* [Work order]: Give back the records below exactly, omitting the pictures.
--- Extracted entries Enclosed Below ---
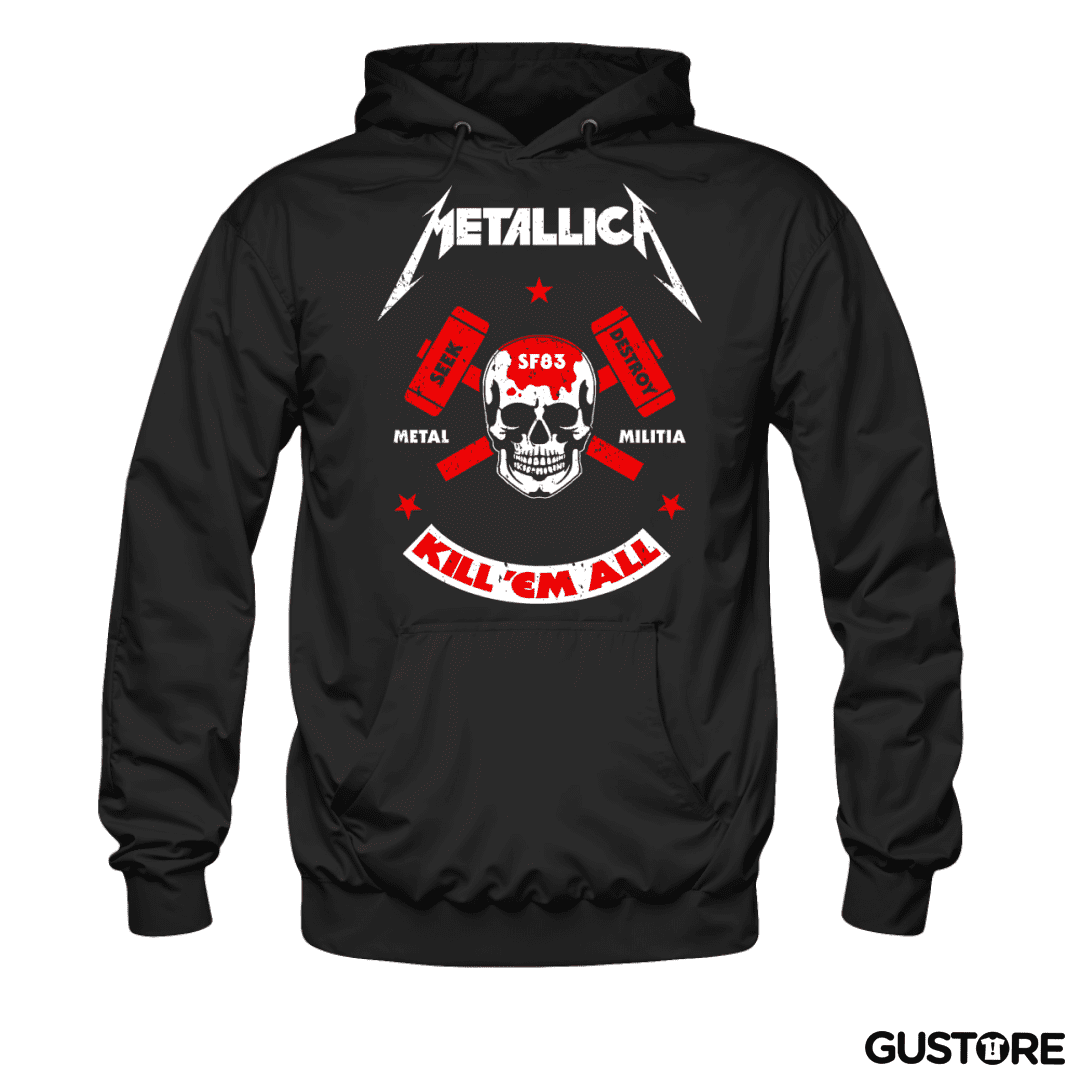 Polerón Canguro Metal Militia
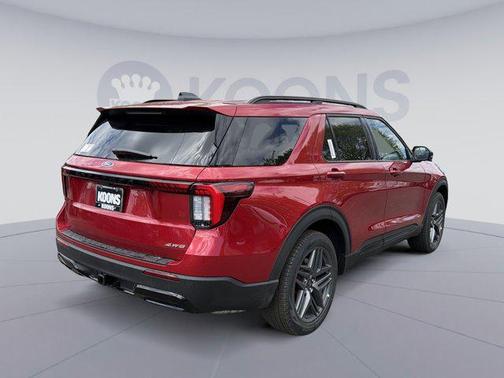 Rapid Red Metallic Tinted Clearcoat 2026 Ford Explorer ST-Line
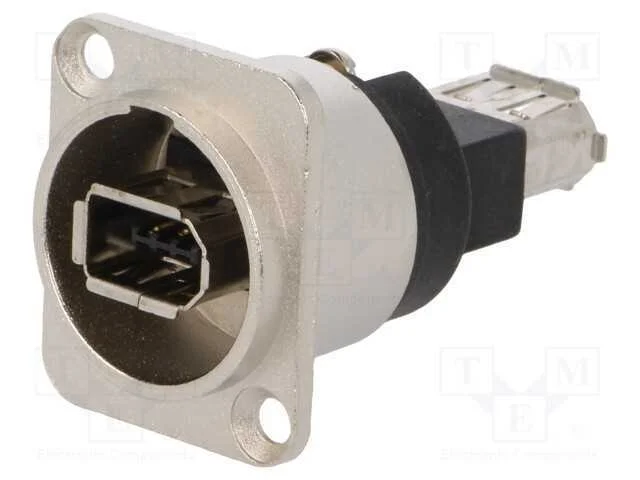 Conector, Ieee1394 Tomada,Em Ambos Os Lados, Ft, Blindadas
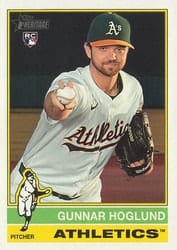 2025 Topps Heritage Base Set Gunnar Hoglund #645 card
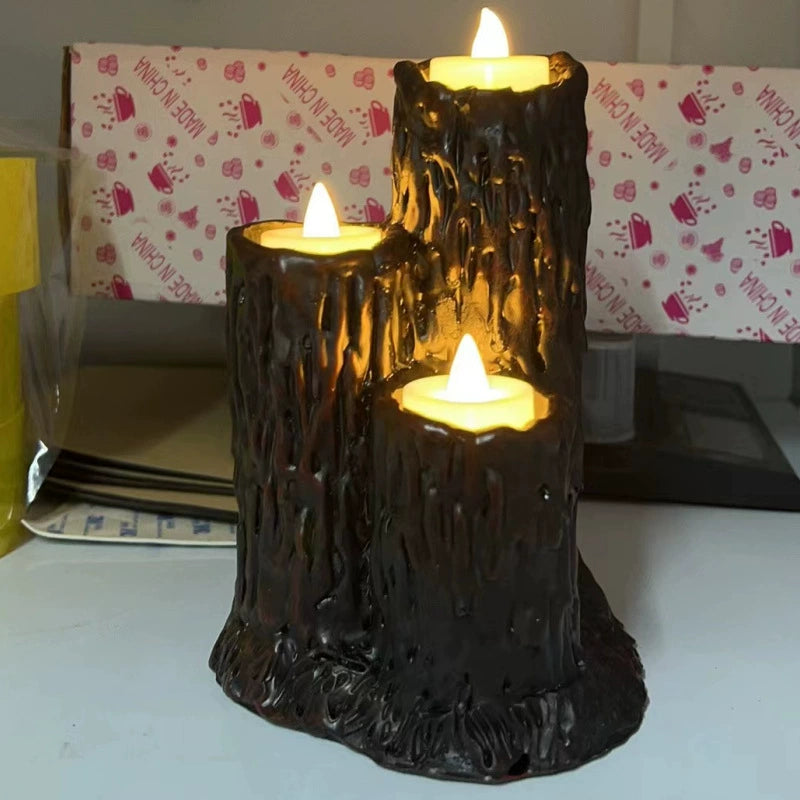"MELTED" Candlesticks Decor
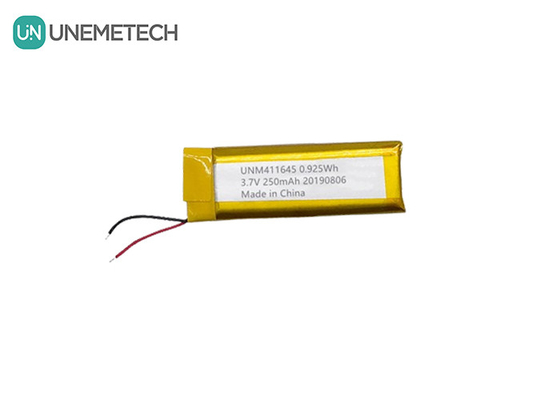 3.7V 250mAh Li-polimer pil 411645 / POS makinesi için LiPo şarj edilebilir pil paketi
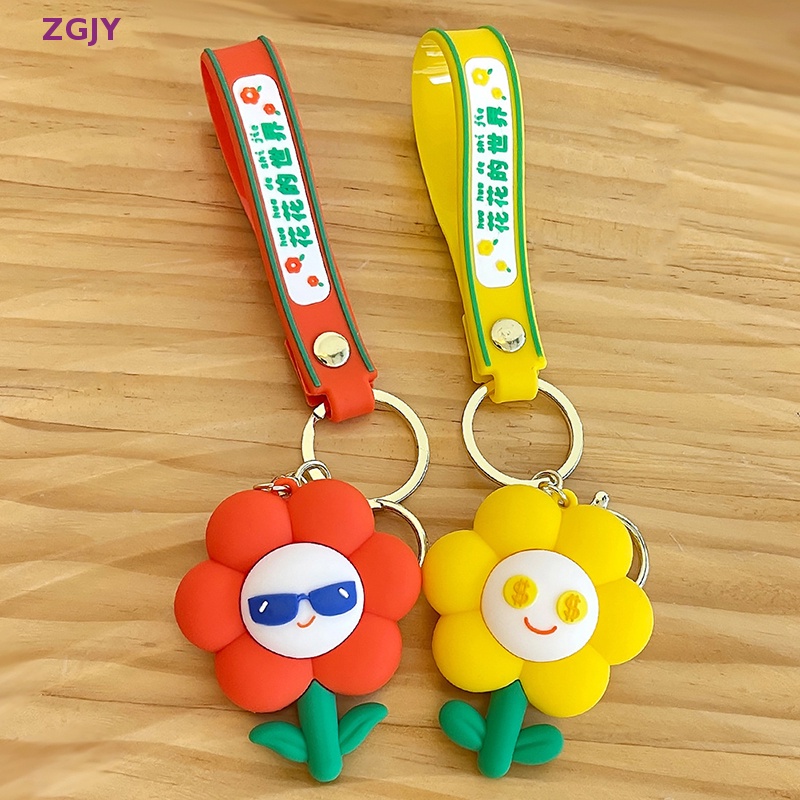 Móc Khóa Nhựa Mềm Hình Hoa Hướng Dương ZGJY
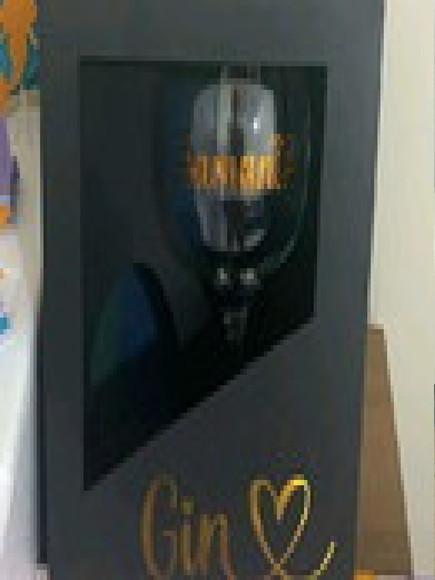 Arquivo de Corte Caixa Taça Gin + Ovo (compre 1 Leve+5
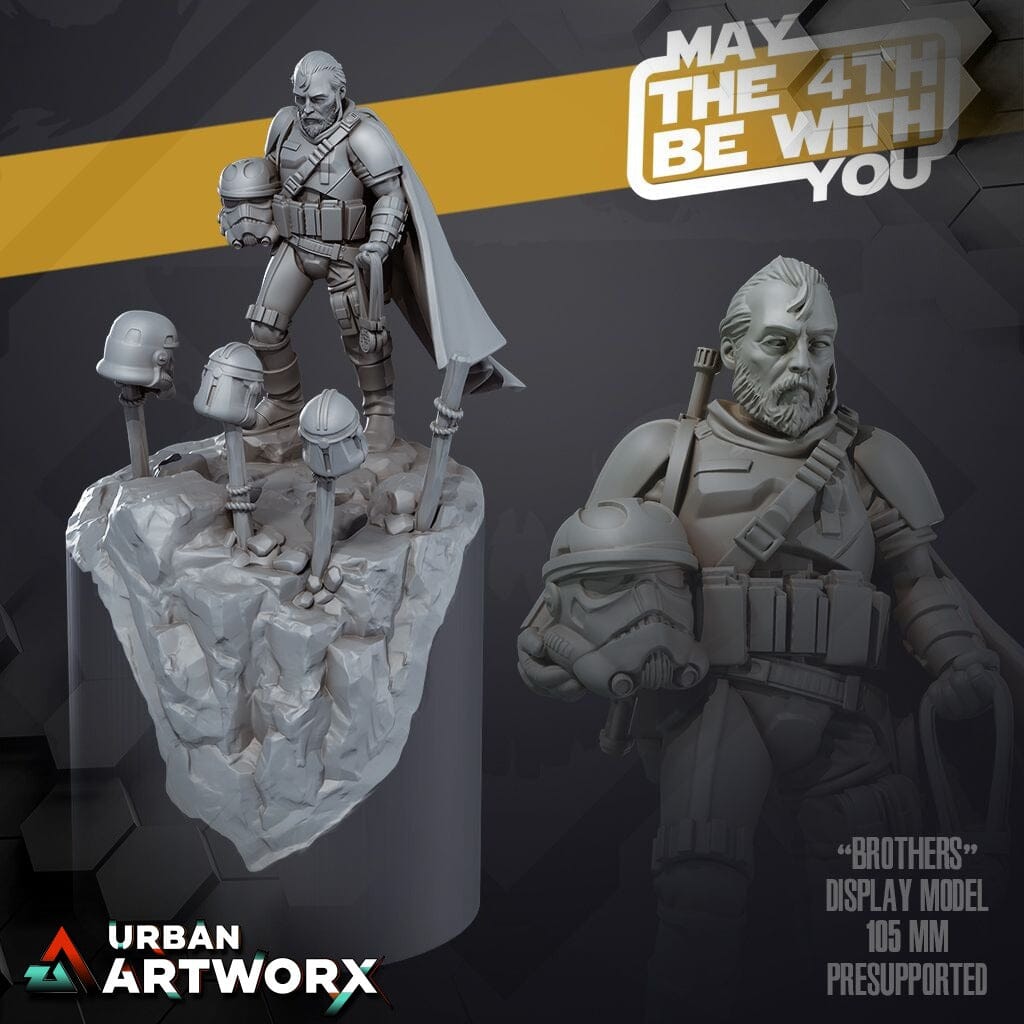 Tabletop Miniaturen - Skullforge Studios - May the 4th: 'Brothers' Display Model (1) Skullforge Studios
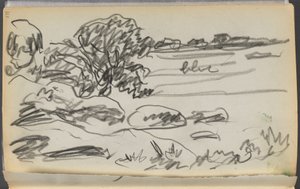 Libro de bocetos- The Granite Shore Hotel, Rockport, página 171: Paisaje de Maurice Prendergast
--- End of Enclosed Extracted entries ---
* [Solution for this exercise]:
 Polerón Canguro Metal Militia
 Rapid Red Metallic Tinted Clearcoat 2026 Ford Explorer ST-Line
 Conector, Ieee1394 Tomada,Em Ambos Os Lados, Ft, Blindadas
 2025 Topps Heritage Base Set Gunnar Hoglund #645 card
"MELTED" Candlesticks Decor
 3.7V 250mAh Li-polimer pil 411645 / POS makinesi için LiPo şarj edilebilir pil paketi
 Móc Khóa Nhựa Mềm Hình Hoa Hướng Dương ZGJY
 Arquivo de Corte Caixa Taça Gin + Ovo (compre 1 Leve+5
 Tabletop Miniaturen - Skullforge Studios - May the 4th: 'Brothers' Display Model (1) Skullforge Studios
 Libro de bocetos- The Granite Shore Hotel, Rockport, página 171: Paisaje de Maurice Prendergast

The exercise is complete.